--- Work task ---
Pictures within the data are to be left out; everything else must be reproduced exactly.

(Beginning of Record set)

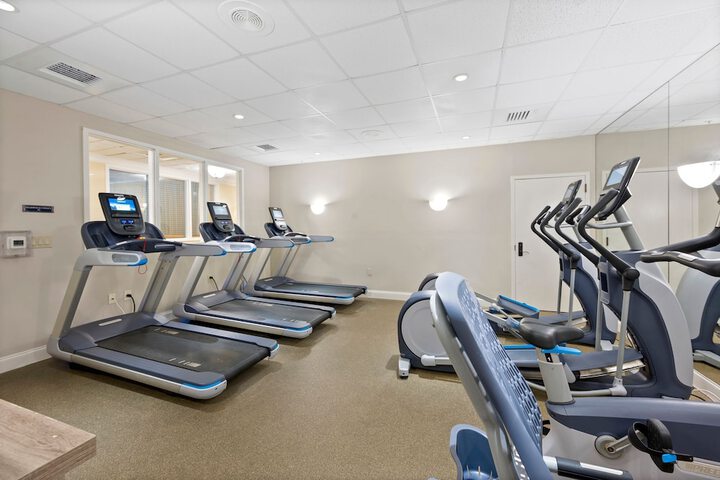 Health and Fitness 26 of 34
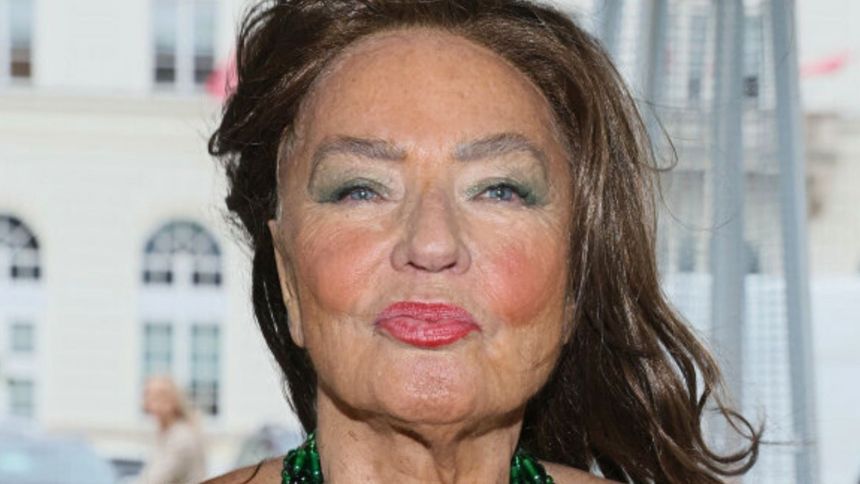 Agnieszka Fitkau-Perepeczko skomentowała polskie ceny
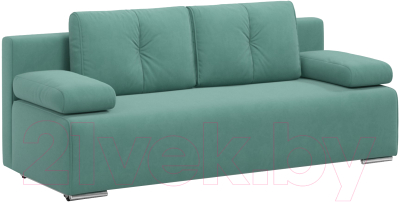 Диван Moon 043/MF006093 - фото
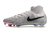 Nike Phantom Luna Elite Campo - (Botinha)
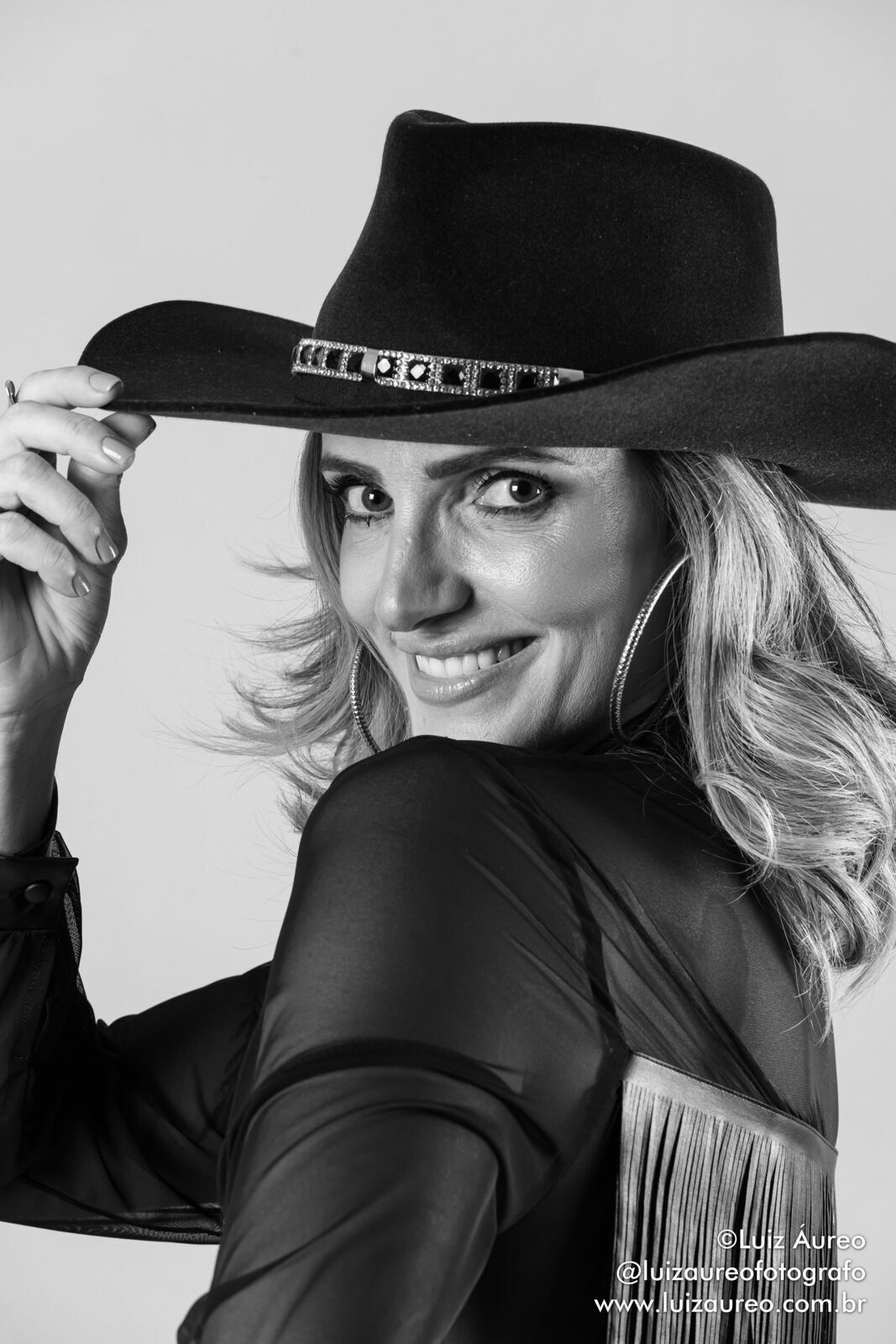 Foto Ensaio - Jaqueline Brambilla - Imagem 71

(End of Record set)

--- Output of the task ---
 Health and Fitness 26 of 34
 Agnieszka Fitkau-Perepeczko skomentowała polskie ceny
 Диван Moon 043/MF006093 - фото
 Nike Phantom Luna Elite Campo - (Botinha)
 Foto Ensaio - Jaqueline Brambilla - Imagem 71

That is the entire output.